_WORK ORDER_:
All pictures must be dropped, while the entries are given again word for word.

_EXCERPTED RECORDS_:
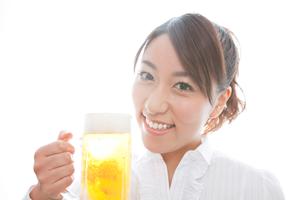 千葉で人気の女子会のできるホテル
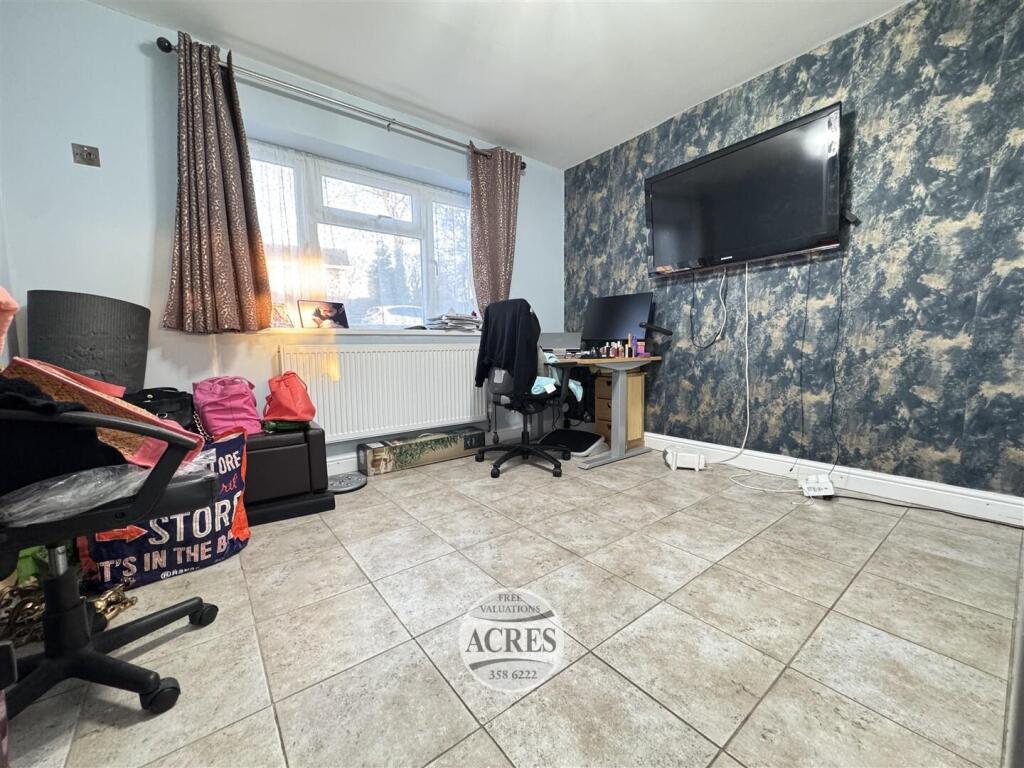 Additional image 19 of Broomhill Lane, Great Barr, Birmingham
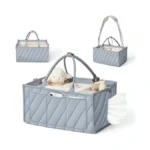 Verified image for post 247919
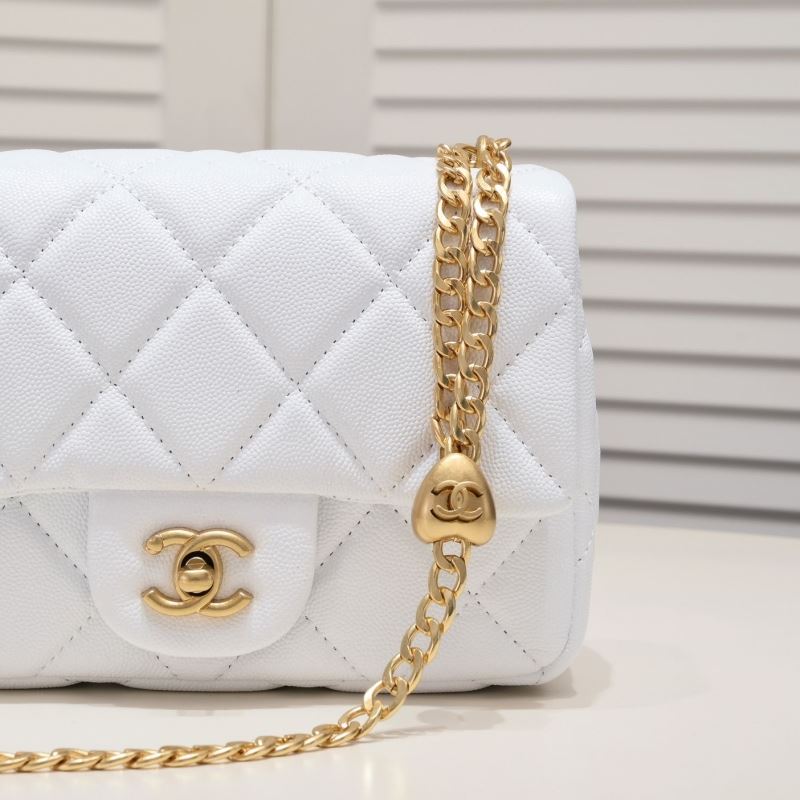 Chanel CF Series Bags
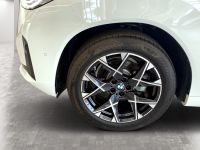 BMW X3 - Vorschau Bild 9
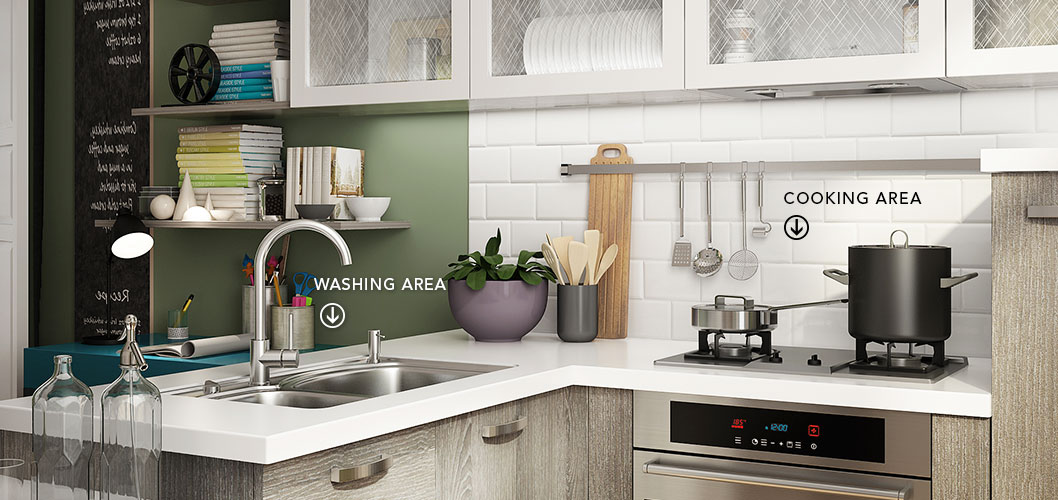 Modern-Design-Grey-Wood-Grain-Kitchen-Cabinet-OP18-HPL01 (3)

_YOUR SOLUTION_:
 千葉で人気の女子会のできるホテル
 Additional image 19 of Broomhill Lane, Great Barr, Birmingham
 Verified image for post 247919
 Chanel CF Series Bags
 BMW X3 - Vorschau Bild 9
 Modern-Design-Grey-Wood-Grain-Kitchen-Cabinet-OP18-HPL01 (3)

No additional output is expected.